The claim of successful online audience outreach and digital strength was repeated by International Broadcasting Bureau Director Richard Lobo who said at a recent Digital Innovation Expo hosted by IBB on Capitol Hill that “today we are reaching and engaging audiences like never before.”
Director Lobo has been responsible for hundreds of millions of dollars of investments in digital and social media technology, which critics charge was wasted on IBB bureaucracy and contractors as the money was being taken from news and programs.
In a pattern that has been obvious for the last several years, original news coverage by VOA English correspondents has greatly diminished. In the last few days, VOA English website was late repeatedly, between three and 48 hours, in posting original reports on violence in Egypt, the plane crash in San Francisco. VOA was late by several hours in generating its own report on the White House press conference statements on the future of U.S. assistance to the Egyptian military.
Rather than provide original reporting, VOA relies more and more on posting short news items from Reuters that get near zero attention through social media. Al Jazeera, Russia Today and BBC have extensively covered the protests in Egypt and the U.S. plane crash with original reports that have received thousands of Facebook “Likes” and Tweets.
Sources told BBC Watch that VOA’s poor news reporting and dismal social media engagement performance is due to considerable amount of the dysfunction within VOA and IBB management team. It is not the fault of reporters and correspondents whose numbers are constantly diminishing and who receive less and less support while IBB and VOA bureaucracy keeps growing. Radio pieces get cranked out rather quickly, but the TV reports languish, often for hours, as video production scrambles to find relevant footage and put together a final piece. Getting any content in a timely manner on the website and Facebook page is a constant challenge, sources told BBG Watch.
“The VOA English Newsroom is under-resourced and the agency is under-resourced in general. Hence, disorganization and dysfunction,” one VOA correspondent was quoted as saying. But sources also point out that the biggest problem are top managers at both VOA and IBB. Their retaliatory management style and silencing of any inside criticism are blamed for the agency receiving the lowest employee morale scores in the entire federal government and for its dismal scores in social media engagement.
Gary Thomas and other critics blame top IBB and VOA managers for deemphasizing hard news, especially in the VOA Central Newsroom and for encouraging production of more soft feature-type stories which also fail to attract much attention on Facebook and Twitter. This kind of commercial media approach had been tried by the Russian Service of BBG-funded Radio Liberty for several months until BBG members intervened and changed the Radio Free Europe/Radio Liberty management team. They recruited Kevin Klose to restore traditional news reporting practices.

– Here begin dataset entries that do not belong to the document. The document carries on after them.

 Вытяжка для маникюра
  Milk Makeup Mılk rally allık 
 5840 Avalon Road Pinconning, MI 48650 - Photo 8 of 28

While the Russian Service has made tremendous progress under Kevin Klose, it still has not fully recovered from the loss of popularity on Facebook caused by the failed experiment.
It appears that BBG members, who now lack a quorum, have now a much more difficult time trying to reform IBB and VOA management. They are encountering strong resistance from entrenched bureaucrats. But something must be done and it must be done quickly.
If Director Lobo truly believes that “today we are reaching and engaging audiences like never before” and Director Ensor believes that “a simple look at the Voice of America’s website demonstrates we are a hard-hitting and effective international multimedia news organization,” they and their top executives should go and someone like Kevin Klose should be appointed by BBG to restore good journalism at the Voice of America.